Se quedó pensando unos segundos, mientras veía el retrovisor


-Unos 30 pesos. Chin... traía en mi cartera sólo 25. Y tengo que tomar camión, pensé.


-¿20 estaría bien? Es que es lo único que traigo.


-Usté no va con la señora oiga?


-Mmm... no.


-Pero usté le va a pagar?


-Si.


-Ta´bien los veinte.


La ayudé a subirse al asiento trasero, y acomodé su andadera y bolsas. Ya no volteó conmigo. Pero un “gracias” que apenas se alcanzaba a pronunciar, fue su forma de despedirme. Le di al taxista el dinero, y agradecí el favor. Luego, caminé para tomar camión. Y mi intento por no llorar fue en vano. Mi intento por no quebrarme ante esta pequeña, pero doliente situación, terminó por desmoronarse. Yo sentí desmoronarme allí. ¿Cómo es posible? Cómo?! me preguntaba a mi misma y a Dios. Una mezcla de sensaciones me corría por las venas. Impotencia, tristeza, coraje, remordimiento por aquellas veces en que me enfrasco en el sin sentido quejándome por cosas sin importancia ni trascendencia. Pensé en esa parte de la sociedad que poco nos preocupa y a la que todos en algún momento habremos de pertenecer: la vejez.

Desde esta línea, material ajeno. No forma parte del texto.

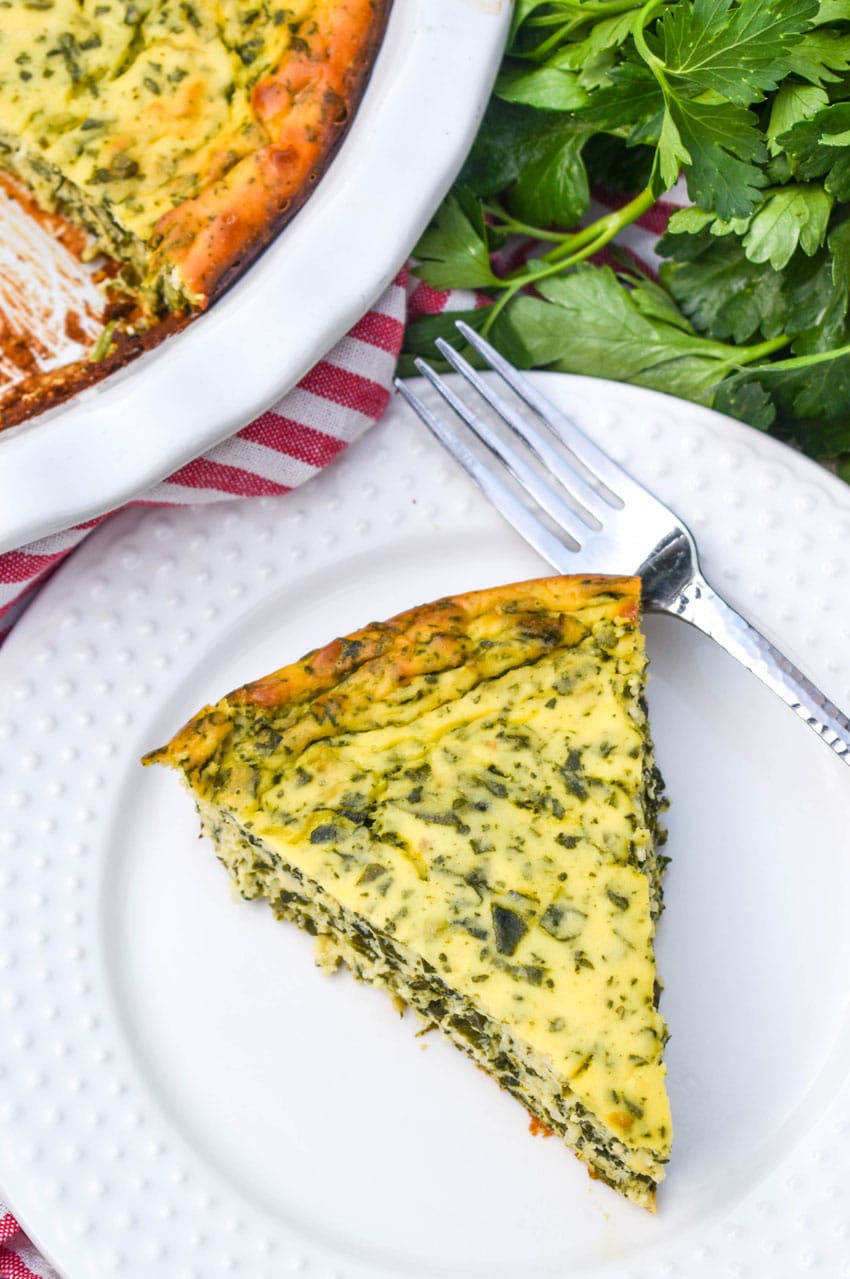 a slice of spinach ricotta pie on a small white plate with a silver fork resting on the side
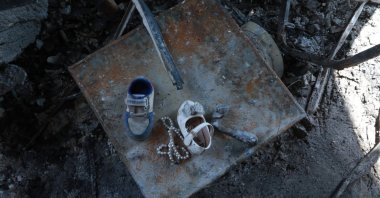 Shoes belonging to child victims are seen at the scene of the accident, in Mosul, Iraq, September 27, 2023. (AA Photo)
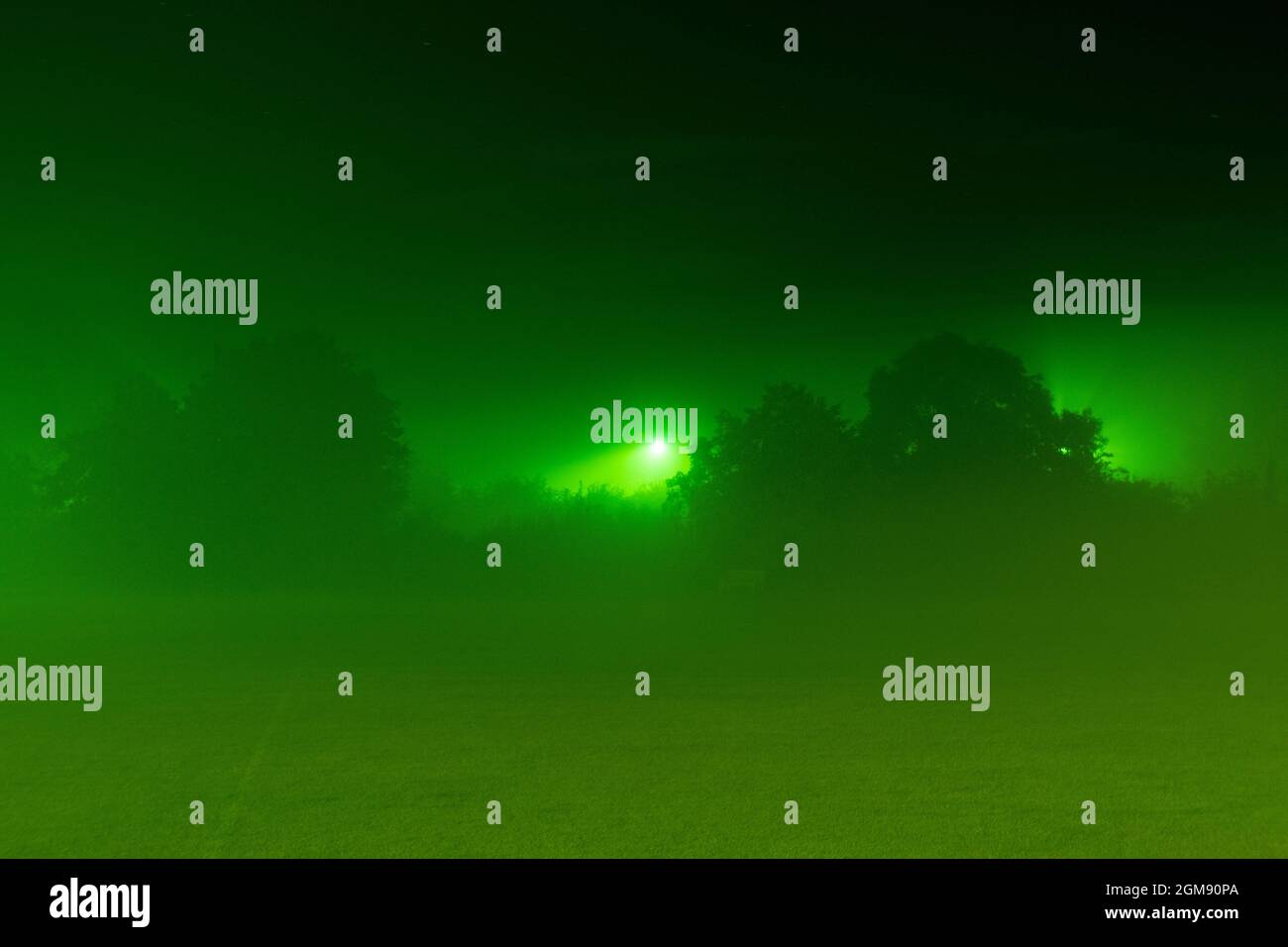 A green night vision concept of a spooky foggy night in the countryside Stock Photo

En México existen más de 8 millones de personas que rebasan los 60 años. Según un informe del Consejo Nacional de Población, que data desde el 2005, se espera que sean 22.2 millones para el año 2030 y para la mitad del siglo alcanzarán, según lo previsto, 36.2 millones. Con esto se estima que dentro de treinta años, habrá la misma cantidad de niños y de viejos. La pirámide se invertirá. ¿Estaremos preparados? No lo creo. La situación actual de nuestros ancianos se traduce en un problema social tremendo, del que la mayoría de la gente se mantiene indiferente. Pero... ¿qué hacer? Allí voy caminando, sin ganas de llegar a ningún lado, sin ganas de encender la radio o la televisión porque sólo vienen a recordarme la forma en que mi país se denigra cada vez más con sus problemas. Que son míos, que son tuyos. Que nos pertenecen y aunque quisiéramos que así no fuese, nos pesa sobre los hombros. Se percibe. Así nos perciben allá afuera. Allá en otras naciones; para arriba, para abajo; cruzando el charco. Las lágrimas nada remedian. Las palabras tampoco. Discursos van y vienen y las ideas que se confunden con la realidad y terminan por esfumarse en el aire... en la nada. Estoy harta. Lo estamos muchos. Hastiados de la falta de sensibilidad, de esa herencia cultural que pagamos sin deberla ni temerla. Nos convertimos de testigos en cómplices, al no hacer nada. Las acciones son la única solución. Paso por diferentes etapas en este intento utópico de remediar los problemas de mi México. ¿Qué hacer? Me siento atada. Pero no me quiero quedar así. No puedo, no quiero, no debo. Me resisto a dejar vencer mis ideales, los ideales de aquellos que quieren lo mismo que yo, de quienes no dejamos morir la fe. Aquella anciana es el preciso ejemplo que representa mi nación: así va caminando mi país, con una carga enorme de problemas que no le permiten avanzar. Así, caminando a cuestas.